From the entries below, reproduce exactly the lines from the one with "Modern Loft Center" through the one with "Land Rover Range", both included, without images.
### Extracted data ###
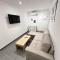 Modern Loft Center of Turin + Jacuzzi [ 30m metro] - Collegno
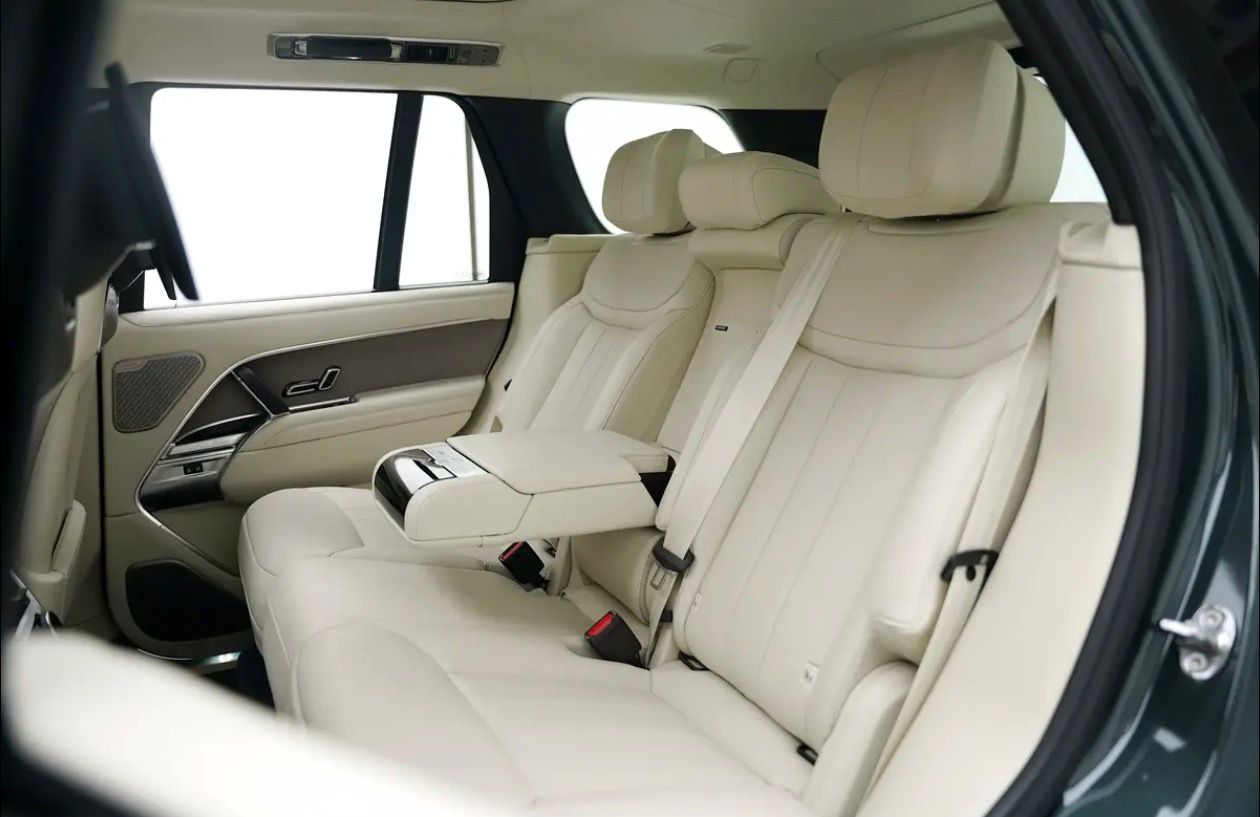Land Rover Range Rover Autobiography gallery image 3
###
### Extracted data ###
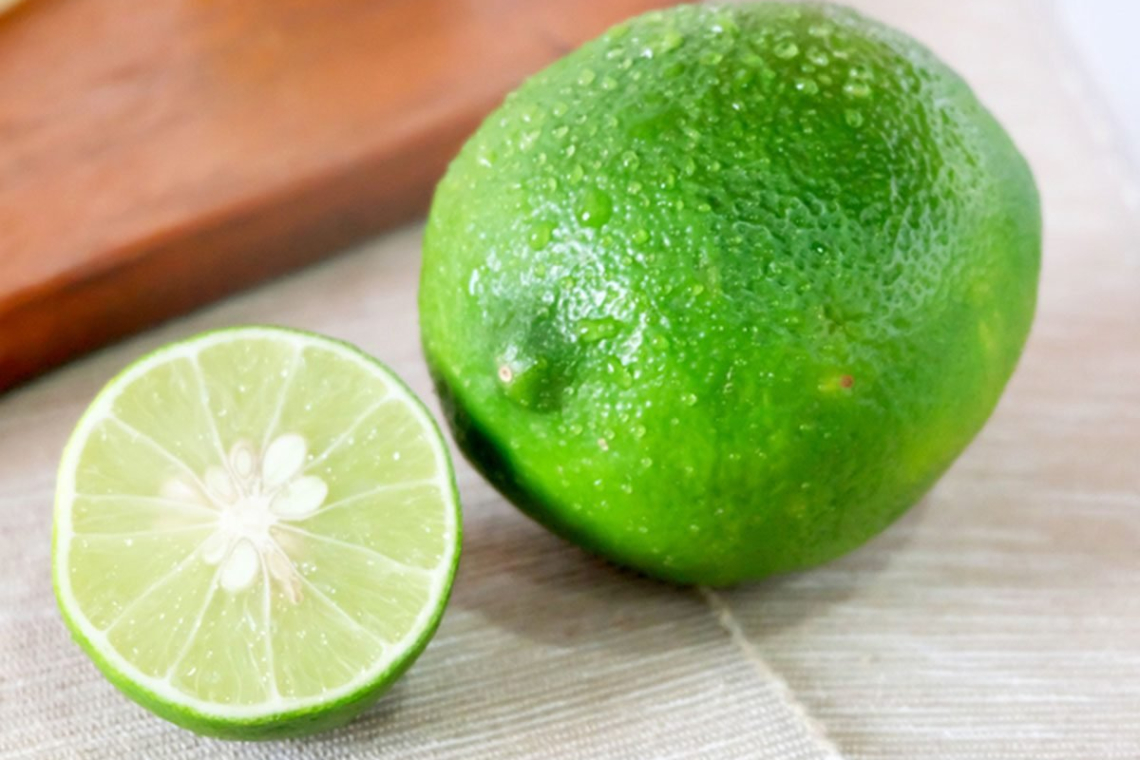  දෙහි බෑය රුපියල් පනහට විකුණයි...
###
Solution for this exercise >>
 Modern Loft Center of Turin + Jacuzzi [ 30m metro] - Collegno
Land Rover Range Rover Autobiography gallery image 3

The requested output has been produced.